Houston & Peach

Houston agency to put focus on rape prevention

WARNER ROBINS — For years Hodac has assisted victims of rape, but now the community service agency is making its most concerted effort yet to keep women from becoming victims.

Thanks to a $100,000 grant from the Georgia Department of Human Resources, Hodac has partnered with the Houston County school system and Fort Valley State University to provide education programs aimed at preventing rape.

Called "Safe Dates," the program will target girls and boys in middle school, said Nicole Poss, Hodac's intervention coordinator.

"We are hoping for a huge difference," Poss said. "Primary prevention is the key to this grant. Getting to people before they are violent is the point, especially with juveniles."

The program will begin as soon as school starts next week in Houston County. It will include participation in two national events scheduled in April — Jeans for Justice and Take Back the Night.

Jeans for Justice grew from outrage about a ruling by a judge in Italy, who declared that an alleged rape victim could not have been raped because her jeans were too tight to be removed without her cooperation.

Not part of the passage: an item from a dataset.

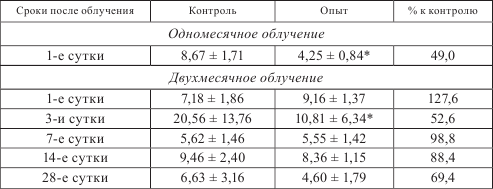 Состояние репродуктивной системы крыс-самцов после электромагнитного облучения мобильным телефоном (900 МГц) на стадии раннего онтогенеза - student2.ru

Female attorneys in Italy then started wearing jeans to court in protest. During the event in April, everyone will be asked to wear jeans on that day.

Take Back the Night features a candlelight vigil geared toward college students.

The Safe Dates program aims to educate students about the risks of date rape. A key, Poss said, is urging students to stand up against violence of any kind, whether it involves sexual assault or not.

"Violence is never OK," she said in describing the message to students. "Think before you act. Treat each other as you would like to be treated, and stand up for not being violent. Say to your friends it's not OK to do that."

Warner Robins Police Sgt. Karen Stokes, who investigates rape cases, said 16 rapes have been reported in the city this year. In 2006, 29 were reported. She noted that the majority of rapes are never reported.

Stokes said Hodac's prevention program is needed. "I think it will make a lot of difference," the police investigator said.

Alcohol is one of the most common factors Stokes sees in teen date rape cases, she said. Girls become intoxicated and boys often feel that it's not rape to take advantage of that, she said. "A lot of the assault cases we work are along those lines," the detective said.

Both Stokes and Poss said that one of the most important actions girls can take to protect themselves is to go on group dates with friends that they trust.

The Safe Dates program is also available for churches or any other group that requests it, Poss said.

Although Hodac has done rape prevention work in the past, Poss said, the new grant will create its most extensive prevention program yet. The grant will fund the program for four years.